How to Make an Easy Stationery Background Like This One!
Using Jasc Paint Shop Pro v. 7 and a graphic of your own
In PSP, use File - Browse to find a pretty picture and open it. This castle is a screen capture from my daughter's Cinderella Castle Designer game, which was what happened to be open on the computer when I came to it to start this project :-)
Select the part of the picture that you want to use for stationery by using the Selection tool. Once the good part is selected, click Edit - Copy.
Close the original without saving changes. Select Edit - Paste - As New Image.
Resize the graphic as necessary so that it's a good size to be on a stationery, perhaps 150 pixels on the widest edge. Use Image - Resize and enter just one dimension into one of the pixels boxes. Maintain Aspect Ratio should be checked, and the other dimension will go in automatically.
Part 1 - Adding Borders to the Graphic
Click in the right-hand Style box to change the Background color to black. (Active color is on the left, Background color is on the right.)
Go to Image - Add Border and add a black border one pixel wide. This is so that the next selection operation won't accidentally get part of the image in with it. Make sure Symmetric is checked.
Now select the Eyedropper tool.
Choose two colors from your graphic. Right-click on one color and left-click on a contrasting color. These will be the theme colors of the stationery.
Go to Image - Add Border and add a five pixel wide border.
Click the arrow between the two active colors to switch background to foreground. (Either of those double-pointed arrows does the same thing.)
Then click Image - Add Borders again and add another one in the contrasting color. (You can make the second border seven pixels wide for more drama. It's only five pixels wide in this illustration.)
Result should be something like this:
Click the magic wand and select the outer border. Now there should be marching ants around the border.
Go to Effects - Reflection Effects - Kaleidoscope.
Use whatever settings are in there and click OK. If you don't like the results, click Edit - Undo and come back and try different settings.
While the selection is still on the outer border, now click Effects - 3D Effects - Outer Bevel. Make the Width 1 (or it can be set to 2 for more dramatic effect)
Remember, in any of these Effects dialog boxes, be sure to click the preview window and move the hand around until it's showing the portion you have selected, and click the Zoom In button until you get close enough to really see what's happening.
Click OK on that.
Now use the magic wand to select the inner border and apply Outer Bevel to this border also, via Effects - 3D Effects - Outer Bevel.
Results so far:
You might want to save a copy of your graphic at this point just for safety's sake.
Step 2 - Making the Seamless Background
Make sure there is no selection by clicking Selections - Select None.
Make a duplicate of your image at this point by clicking Edit - Copy and then click Edit - Paste - As New Image. Now there are two pictures exactly the same. One is going to stay the way it is and one will become the background pattern.
Click Effects - Reflection Effects - Pattern. Play with the boxes until the effect is something you like, but be SURE the Scale Factor box reads 0, otherwise the background won't tile correctly.

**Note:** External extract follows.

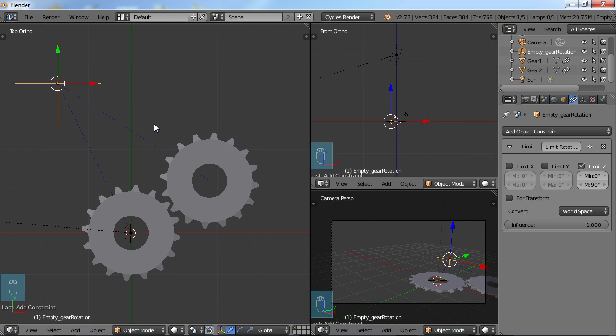When you start thinking about that and how you can do that with constraints, I think it's a lot of fun to try to figure out what it's going to take to make it do what you want to do.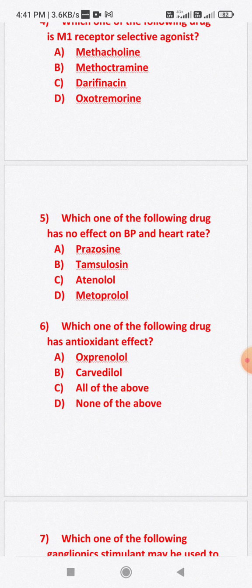Question number six: Which one of the following drugs has antioxidant effect? Option A: oxprenolol. Option B: carvedilol. Option C: all of the above. Option D: none of the above.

Click the mouse inside the Foreground color in the Styles box and hold it down for a moment until the menu opens up from which you can click the box with nine little dots inside to select Pattern.
Once the pattern appears, click it once to open the Pattern selection box.
Click the pattern that appears to bring up the box from which you can select any pattern. Scroll up to the very top to find the temporary patterns based on the windows that you currently have open, including the pattern you just created. Click on the pattern you just made.
Make SURE the Scale is 100% and the Angle is 0.
Now you need to find out the exact measurement of your square, bordered graphic. Click on it to make it active, then click Image - Image Information to find the dimensions. The second number is the height and that's the one you need to know. Here mine is 172.
Now open a new image using File - New. Make the new image 1024 pixels long and the same height as your graphic. (It's 1024 pixels long because that's the most standard screen pixel measurement and should display correctly on most people's email programs.)
Select the Flood Fill Tool (the little bucket) and click inside the new image. It should fill with the pattern.
Now click Layers - New Raster Layer. The Layer Properties box comes up. Click OK on it.
Click the Flood Fill Tool (the bucket) and RIGHT click inside the image to flood it with the plain Background color.
Then click on the Layer Palette. (Your layers will be called Layer 1 and Layer 2, I renamed mine just for illustration.) Grab the Layer Opacity slider and move it down until you can see the patterned background through the plain color, but it's still light enough to be able to read email text over. Don't make it too hard on people's eyes!
Now go back to the finished, bordered graphic and click to make it active. Then copy it by clicking Edit - Copy.
Click the rectangular stationery background and click Edit - Paste - As New Layer. It will appear in the middle like this.
Grab the graphic and slide it over to the left. Click View - Zoom In a couple times so you can see exactly what you're doing. Be sure you've scrolled all the way to the left! Line the graphic up exactly on top, bottom and left sides.
When you zoom out, it should look like this:
Click File - Export - JPEG Optimizer. Set the compression value to 20. Give the graphic a memorable name and that's it, you're done! Now you can use it for email stationery.